I've not bought any Fenix in a number of years after they changed their UI's; I used to love the head tight/loose = high/Lo user interface. All of mine continue to be users:

LD20 with Nichia 219b mod
TK20(!)
E21


----------



## Ishango (Sep 11, 2018)

I still have and have had many Fenix lights. Of all of them only once I had a problem with my PD30 and it was replaced promptly under warranty. Don’t like the new lockout function blinking twice to indicate lockout has been enabled on some newer lights. I use the lockout for a reason. I don’t want to have to explain why my pocket is flashing. Other than that great lights.


----------



## Incaorchid (Feb 5, 2019)

I really like Fenix lights.
I have a pic of my modest Fenix lites collection but cannot upload pics just yet.
Hopefully soon


----------



## Incaorchid (Feb 5, 2019)




----------



## Labrador72 (Feb 5, 2019)

Ballpark, I have 35 Fenix lights: not sure that qualifies as a collector but definitely my fav brand as a flashaholic! Have a few old Klarus and Nitecore lights too but I don't even consider buying lights from other brands anymore. 

Like posters above, loved the older Fenix lights - I mostly own models released between 2009 and 2013. Since 2014 I have mainly purchased headlamps, the TK09 and, more recently, the Fenix PD35 Tac. I got it because of the two-state UI which Fenix had introduced with the TK30 and TK12: it was activated by loosening and tightening the head twice in a short interval while the PD35 Tac has that function in the electronic button. The old LD and PD series also kind of had two states considering there were multiple modes with the head tightened or loosened. Most of the models released recently don't fit my needs but I have gifted a few! Looking forward to the Fenix TK09 Tac as it looks like it's going to be a multi-state light.


----------



## Burgess (Feb 6, 2019)

Great thread here !

lovecpf


On 9/23/2006, I received from David Chow's Fenix Store
(in Atlanta, Georgia) my first order EVER ! --

Fenix E0 "Dart" Natural (1xAAA)

Fenix E1 Natural (1xAAA)

Civictor V1 Black (1xAA)

Cost me $ 70.01 total order, with free shipping.

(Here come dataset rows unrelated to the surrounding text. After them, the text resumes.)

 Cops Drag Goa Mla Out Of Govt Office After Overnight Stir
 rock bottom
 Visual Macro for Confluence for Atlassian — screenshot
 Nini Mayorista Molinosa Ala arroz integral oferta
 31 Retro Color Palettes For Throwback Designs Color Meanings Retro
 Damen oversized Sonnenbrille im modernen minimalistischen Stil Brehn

I still HAVE them all, and they are 
Quite Sentimental to me. 


However --
My Fenix E0 light has long since * DIED *.
:mecry:

No idea why . . . .


----------



## Sos24 (Feb 6, 2019)

I have a few Fenix that I find useful and like
UC02ss
PD25
LD12
CL20

I am also considering adding a PD35 for a higher lumen light.


----------



## Dr. Tweedbucket (Apr 18, 2019)

I started with Fenix and have a fondness for their styles and quality. 

I have a few E01, three E05 stainless, an E99Ti, an E12, three E20s no shake (very tight beam), an LD 12, a PD35 TAC and a PD25... and here's where it gets fuzzy. I bought two giant lights, one is a TK something and it takes that huge 26xxx something battery, then I bought another that focuses and it uses the same monster battery. Finally, I have a HL something 365 lumen headlamp which is great for many things.

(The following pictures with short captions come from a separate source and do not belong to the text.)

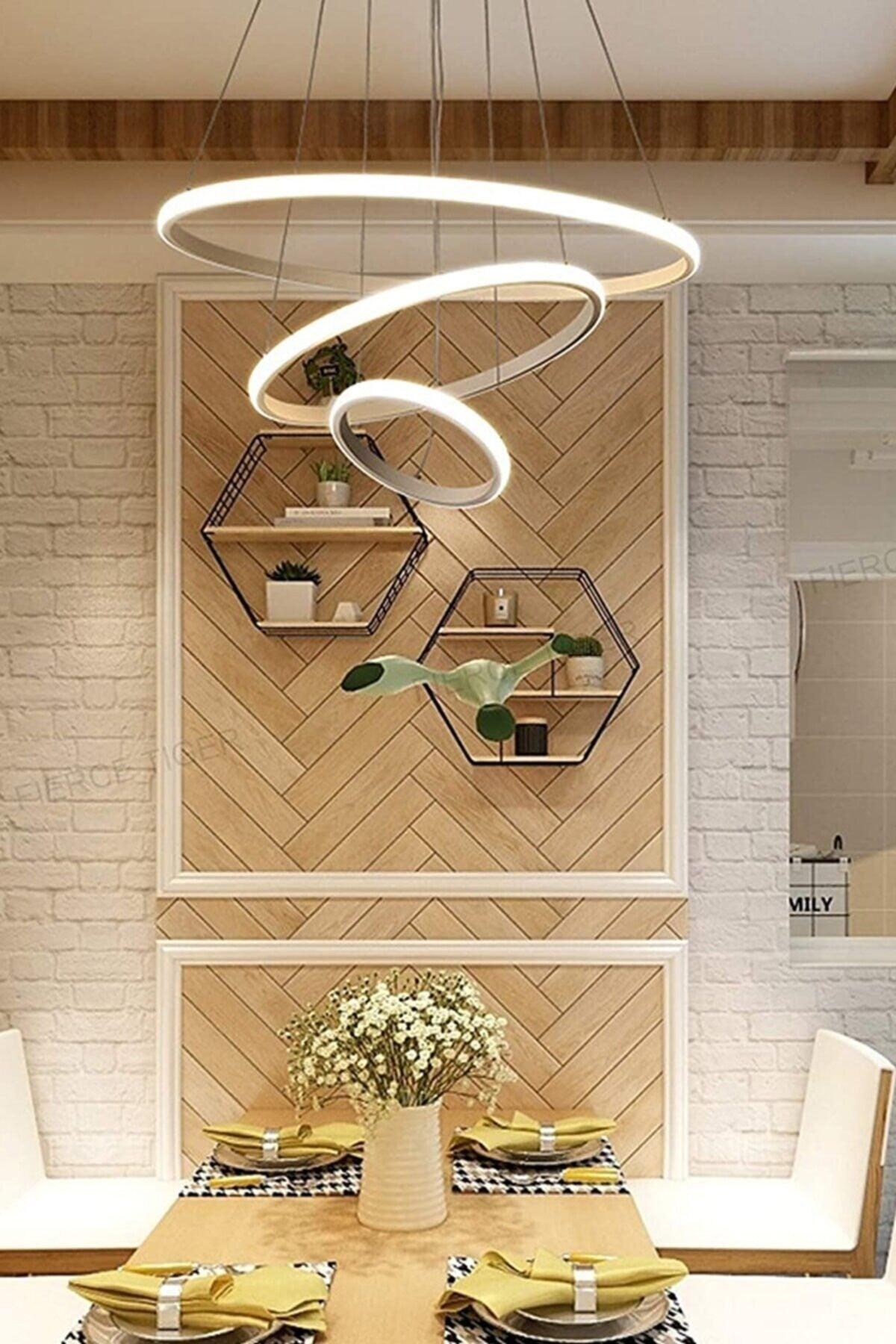 Etage Led Chandelier White Ldav-43 - Swordslife
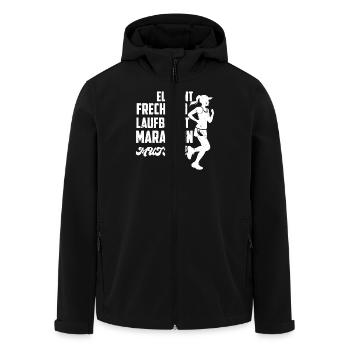 Mama ELEGANT FRECH UND LAUFBEREIT MUTTER Lustig - Recycelte Männer Softshell-Jacke von Stanley/Stella - Schwarz - Vorne - AI Model Male 185 light (185cm)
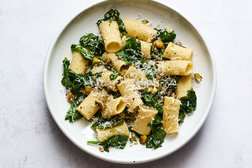 Image for Pasta With Garlicky Spinach and Buttered Pistachios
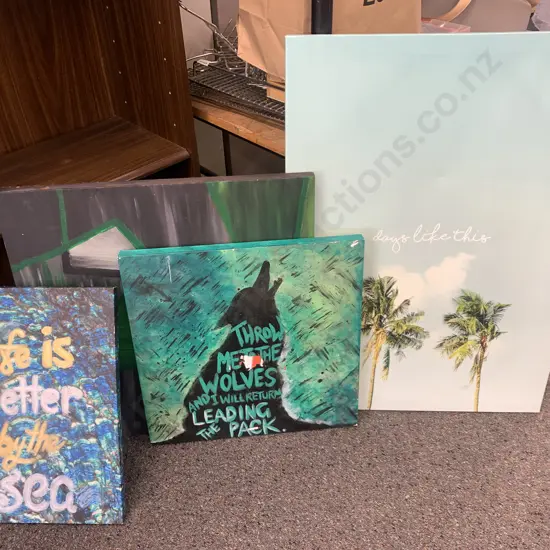 Picture On Canvas 'days like this' & 3x Canvas Pictures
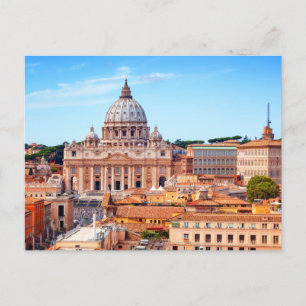S:t Peter's Basilica, Vatikanstaten, Rom Italien Vykort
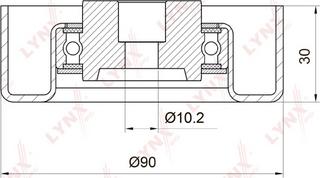 LYNXauto PB-7021 - Паразитна / водеща ролка, пистов ремък vvparts.bg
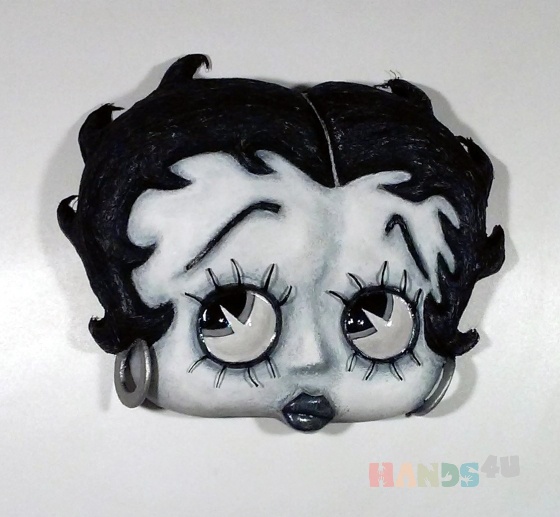 Купить Betty Boop Декоративная маска, Интерьерные маски, Для дома и интерьера ручной работы. Мастер   (bighamster69) . бетти буп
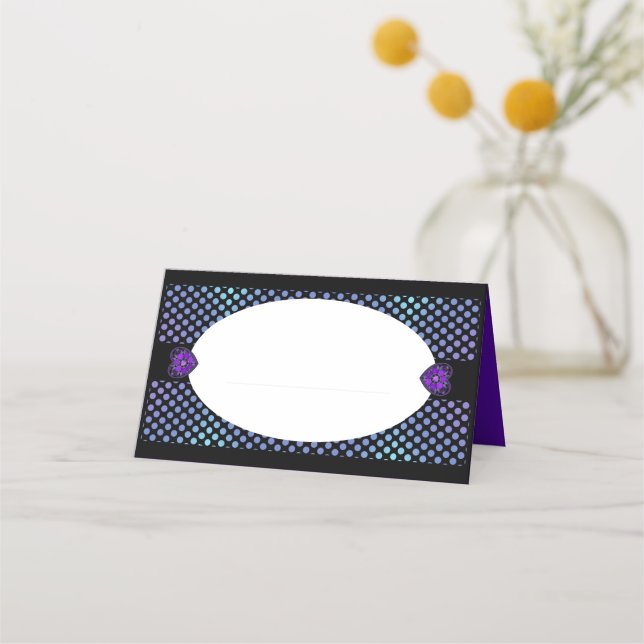 Carte De Placement Parapluie violet & coeurs .7 (Devant)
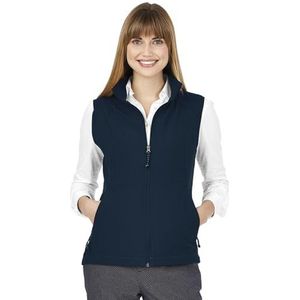 Charles River Apparel Pack-N-Go Vest for Women - Lightweight Casual Outerwear, Comfortable Stretch Vest with Zipper Closure & Pockets (Navy/3XL)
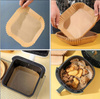 PAPIER AIR FRYER FRYTKOWNICY BEZTŁUSZCZOWEJ WKŁAD WKŁADY DO PIECZENIA 200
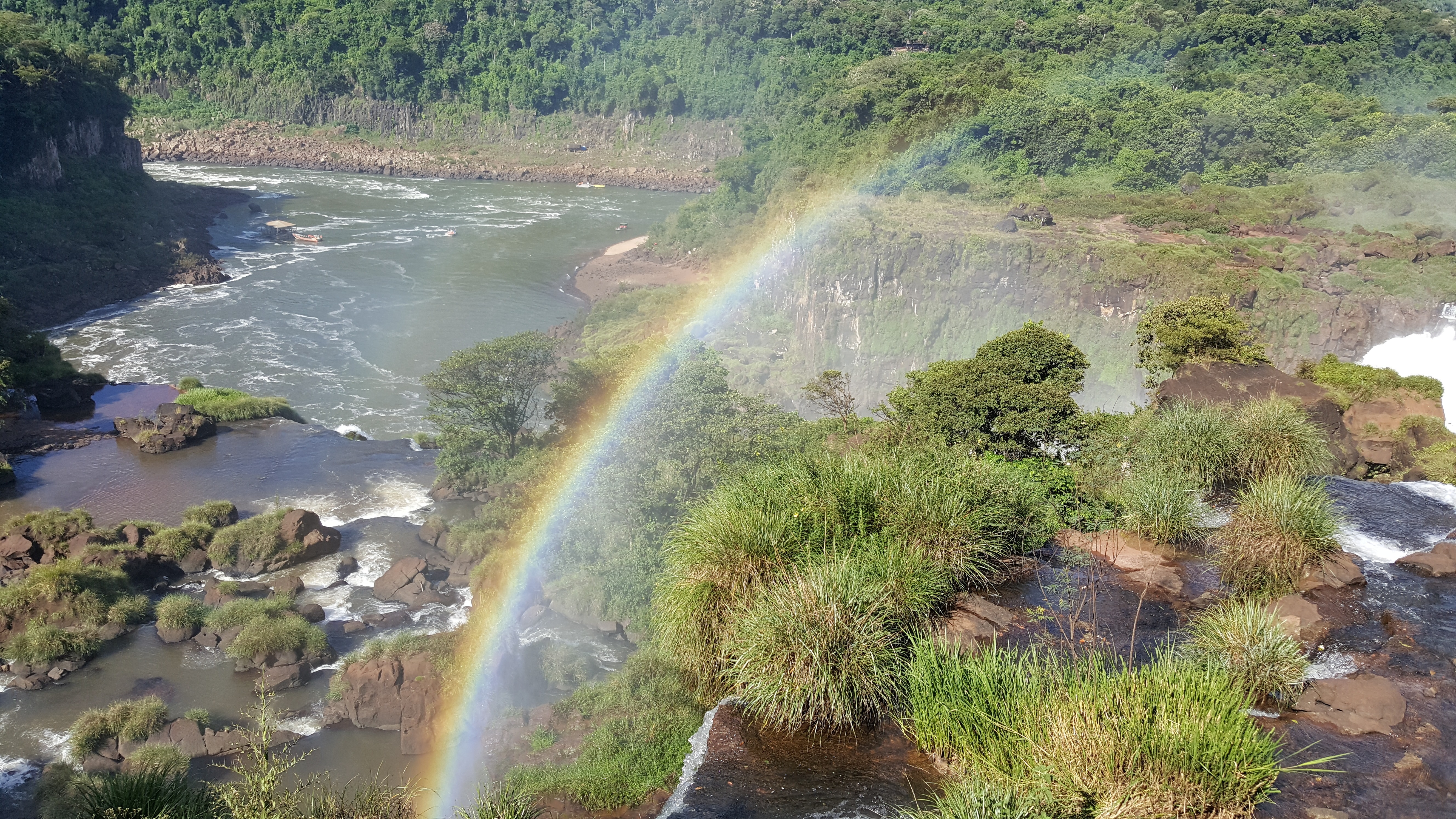 Free download high resolution image - free image free photo free stock image public domain picture -Iguassu waterfalls with rainbow on a sunny day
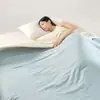Edredón de Sueño Profundo de Verano, Adecuado para Todas las Estaciones, Edredón Refrescante de Verano, Relleno de Edredón para Primavera, Otoño e Invierno, Individual, Lavable a Máquina, Edredón de Aire Acondicionado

So I really like Fenix but some of the lights I wish they would just have a single button to operate, it would be easier then fumbling around trying to find the side button.

My fav EDC is my E05SS. It's been reliable for 3 years now and I bought two spares just in case they quit making them. I run lithiums or eloops in them just to avoid any leakage.

Cool thread! I'm wanting some more Fenix in my collection.


----------



## bykfixer (Apr 20, 2019)

E05 to go with my E01.


----------



## Sos24 (Apr 20, 2019)

I wouldn’t necessarily say I am a collector, but I do have a few Fenix lights.
- E05
- UC30ss
- LD12
-PD20
-PD25
- CL20


----------



## Rob.V (May 12, 2019)

This is somewhat of a collection right?
I'm using Fenix for years now. Never bought an other brand of LED light.
I ran into them when I was in the military. I saw a collegue with an L2D and had to have one.
That was the and of the big bulky Maglites on the belt.


----------



## longuylander (Jul 31, 2019)

Hello. This is my first post on this forum. I was compiling a list of my SAK, multitool, and knife collection (70 in all, right now) and realized that I also have eleven flashlights. As for Fenix, I have:

E05
F15
E15
E20
PD35 V2.0

My E05 is pretty beat up, and has been replaced on my keychain with a Lumintop EDC01. I'd EDC the F15, but I don't want to take it out of the box. The E15 is a bit big for a keychain, so I use it around the house. The E20 is great for outdoors, with a really good throw. I just purchased the PD35, and the battery is still charging for it as I type.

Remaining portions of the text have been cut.